Tesla’s market share is going up even as its sales are going down

Elon Musk might be right — in a way — about the end of the federal EV tax credit.

Rani Molla

Earlier this year, Tesla CEO Elon Musk argued that the end of federal subsidies like the $7,500 EV tax credit would ultimately be good for Tesla. He might have been right — in a way.

“I guess there would be, like, some impact. But I think it would be devastating for our competitors and would hurt Tesla slightly,” Musk said on the company’s second-quarter earnings call. “But long-term, probably actually helps Tesla, would be my guess.”

Afterwards, Tesla posted a record quarter, as buyers rushed to purchase vehicles before the tax credit expired. Now, in the final quarter of the year, the company is dealing with the aftermath: sales are widely expected to drop without the credit, and that pulled-forward demand means less demand now.

New monthly US sales data from Cox Automotive confirms that Tesla’s sales are declining — but reveals a surprise: its market share is rising.

At the end of the third quarter, the last with the federal credit, Tesla’s market share had slid to 41%, down from about 80% five years earlier. But in October it jumped to 55%, and in November to 57%, even as absolute sales fell from more than 60,000 in September to under 40,000 in November. The reason? Tesla’s sales are dropping — just not as fast as everyone else’s.

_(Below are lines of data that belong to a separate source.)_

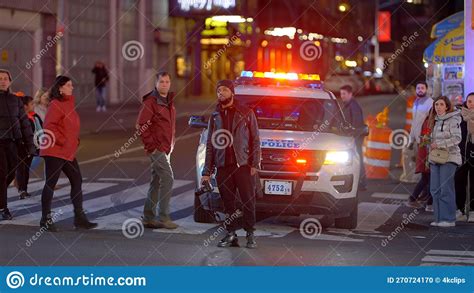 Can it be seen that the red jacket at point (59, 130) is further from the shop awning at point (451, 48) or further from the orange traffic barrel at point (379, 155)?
the shop awning at point (451, 48)

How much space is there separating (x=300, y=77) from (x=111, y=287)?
21.9ft

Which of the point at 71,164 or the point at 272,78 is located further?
the point at 272,78

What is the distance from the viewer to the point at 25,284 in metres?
8.56

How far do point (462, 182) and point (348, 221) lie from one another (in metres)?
1.95

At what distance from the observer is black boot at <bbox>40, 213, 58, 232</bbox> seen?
1203 cm

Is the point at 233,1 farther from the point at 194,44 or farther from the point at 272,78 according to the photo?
the point at 272,78

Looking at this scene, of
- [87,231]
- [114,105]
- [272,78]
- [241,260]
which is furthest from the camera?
[114,105]

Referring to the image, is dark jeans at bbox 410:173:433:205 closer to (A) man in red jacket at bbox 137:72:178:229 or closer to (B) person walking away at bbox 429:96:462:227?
(B) person walking away at bbox 429:96:462:227

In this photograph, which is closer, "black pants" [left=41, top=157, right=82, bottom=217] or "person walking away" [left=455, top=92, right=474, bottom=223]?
"black pants" [left=41, top=157, right=82, bottom=217]

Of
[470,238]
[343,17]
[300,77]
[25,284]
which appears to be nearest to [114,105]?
[300,77] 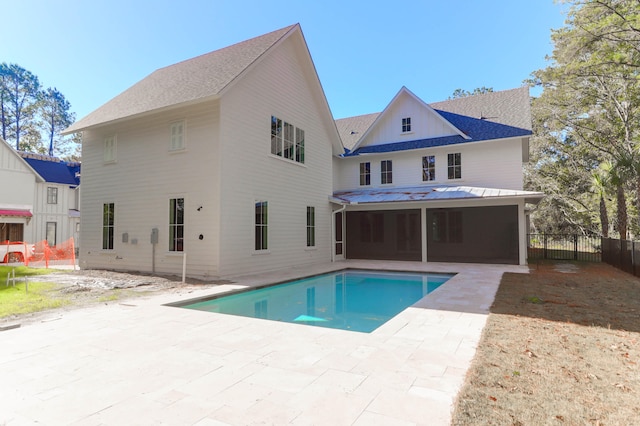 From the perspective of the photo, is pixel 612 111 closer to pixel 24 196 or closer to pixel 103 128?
pixel 103 128

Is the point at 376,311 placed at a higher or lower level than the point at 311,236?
lower

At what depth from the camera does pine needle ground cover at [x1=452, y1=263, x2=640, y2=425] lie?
269 cm

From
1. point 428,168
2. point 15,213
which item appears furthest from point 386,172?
point 15,213

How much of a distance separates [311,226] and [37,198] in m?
18.6

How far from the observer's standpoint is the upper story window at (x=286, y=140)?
12714mm

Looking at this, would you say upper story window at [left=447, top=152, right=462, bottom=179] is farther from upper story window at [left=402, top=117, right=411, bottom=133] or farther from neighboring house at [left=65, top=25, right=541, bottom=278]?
upper story window at [left=402, top=117, right=411, bottom=133]

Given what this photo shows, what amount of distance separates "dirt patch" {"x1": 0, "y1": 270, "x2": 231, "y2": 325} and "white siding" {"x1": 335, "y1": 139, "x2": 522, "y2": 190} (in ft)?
37.7

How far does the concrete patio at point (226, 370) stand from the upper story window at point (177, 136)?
255 inches

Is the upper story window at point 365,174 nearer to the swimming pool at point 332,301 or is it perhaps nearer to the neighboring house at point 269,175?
the neighboring house at point 269,175

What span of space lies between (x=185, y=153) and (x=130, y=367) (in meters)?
8.48

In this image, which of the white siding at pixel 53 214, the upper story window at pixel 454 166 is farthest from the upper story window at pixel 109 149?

“The subsidy removal essentially stress-tested every brands underlying demand, and Teslas decline was significantly smaller,” Cox Director of Industry Insights Stephanie Valdez Streaty told Sherwood News. “Whether thats due to brand strength, infrastructure advantages like the Supercharger network, or simply less price-sensitive buyers is debatable, but the market share result is mathematical: when everyone declines, whoever declines least gains share.”

Other major automakers have also seen far steeper declines in EV sales as they pull back from an increasingly difficult market. And alongside ending the EV tax credit, the federal government is also reconsidering and rolling back emissions rules that had pushed automakers toward electrification.

Meanwhile, some pure-play EV makers are spotting opportunity in the retreat of legacy competitors.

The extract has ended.